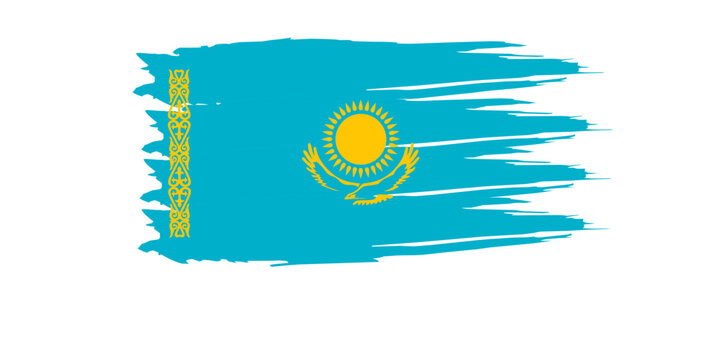 brush hand drawing kasakhstan flag isolated on white background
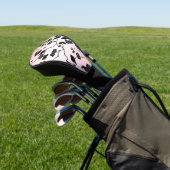 Schwarz auf rosa Muster Vögel und Kirschblüten Golf Headcover (In SItu)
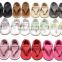 stylish pu leather baby moccasins, crib baby shoes, girls baby shoes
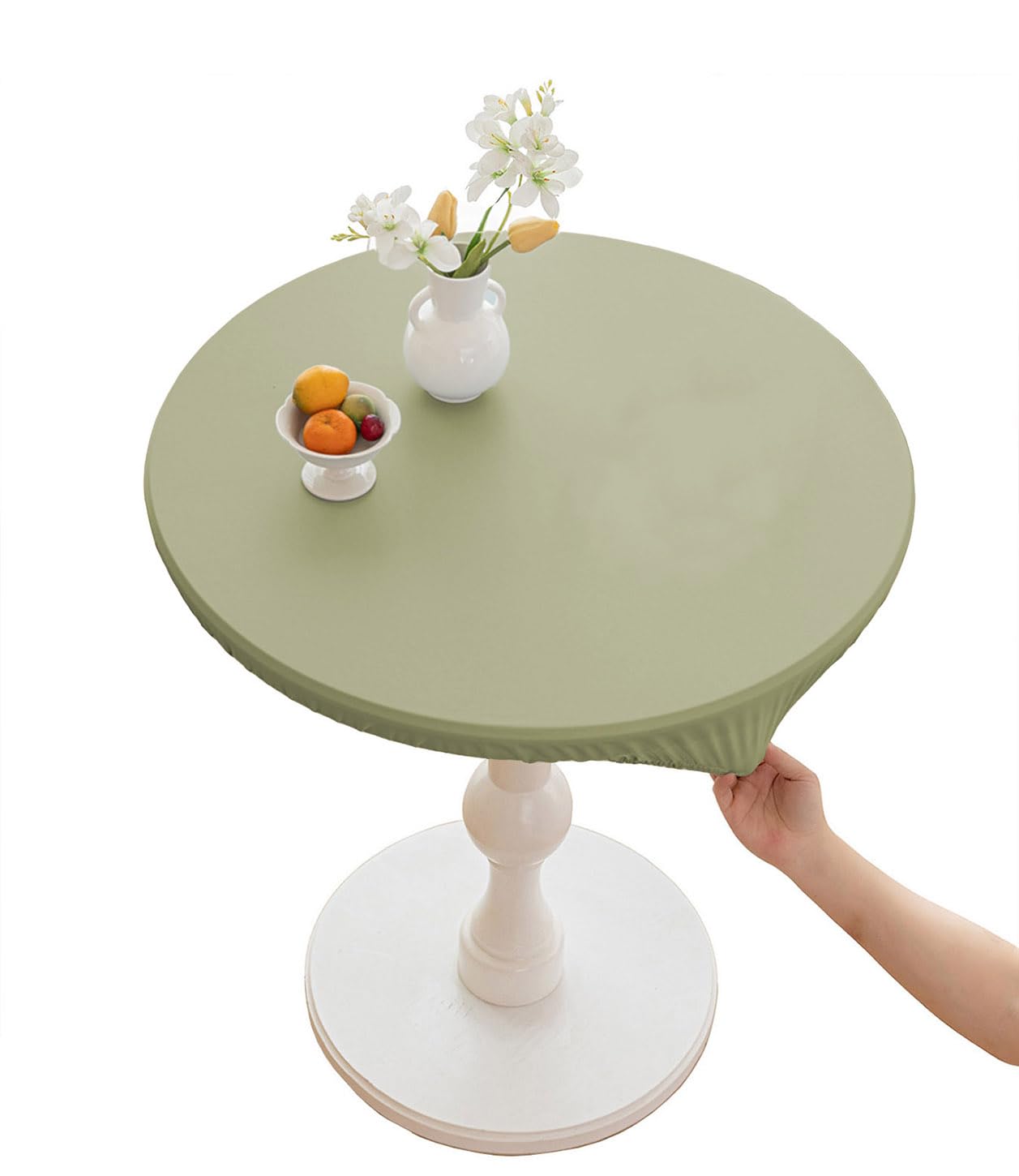 Cieein Cieht Green Pu Tablecloths Table Cloth Round Diameter 60Cm-140Cm Tablecover Home Hotel Restaurant Bar Party Waterproof Oilproof Table Covers Round 80Cm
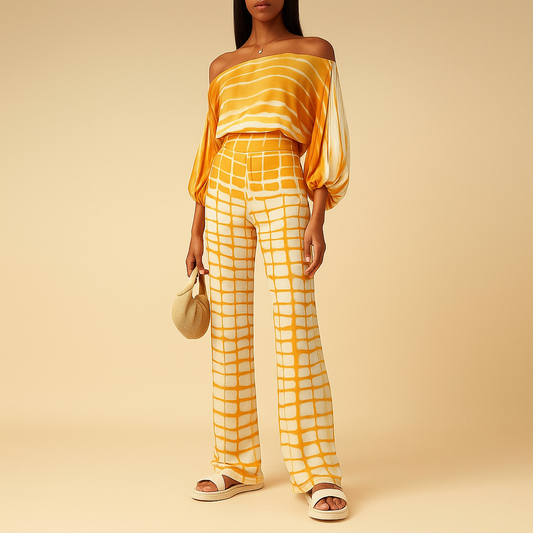 Off-shoulder balloon sleeve top and pants set for women | Amari 4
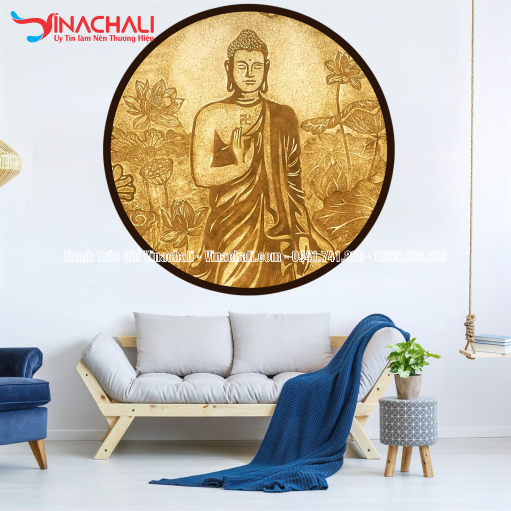 Trang Trí Phòng Thờ Đẹp Với Tranh Trúc Chỉ Tròn - TTCT 82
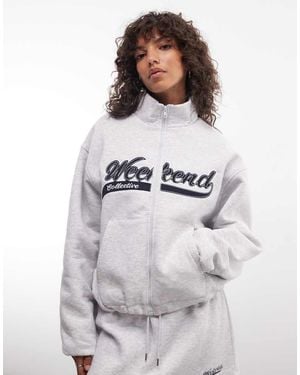 ASOS Weekend Collective Zip Through Track Jacket - White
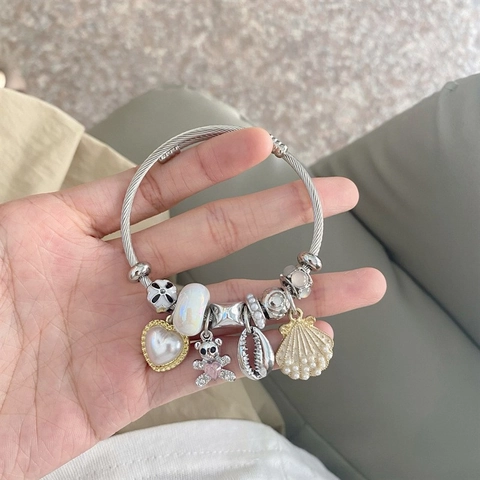 Charm Bangle Bracelet Stainless Steel Wire With Alloy Pendants And Beads For Women Versatile Fashion Jewelry Gift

## Task requirements
From the line containing "ASOS Weekend Collective" down to the final line of the material above, reproduce each line exactly and include no images.

## Output for this exercise
 ASOS Weekend Collective Zip Through Track Jacket - White
 Charm Bangle Bracelet Stainless Steel Wire With Alloy Pendants And Beads For Women Versatile Fashion Jewelry Gift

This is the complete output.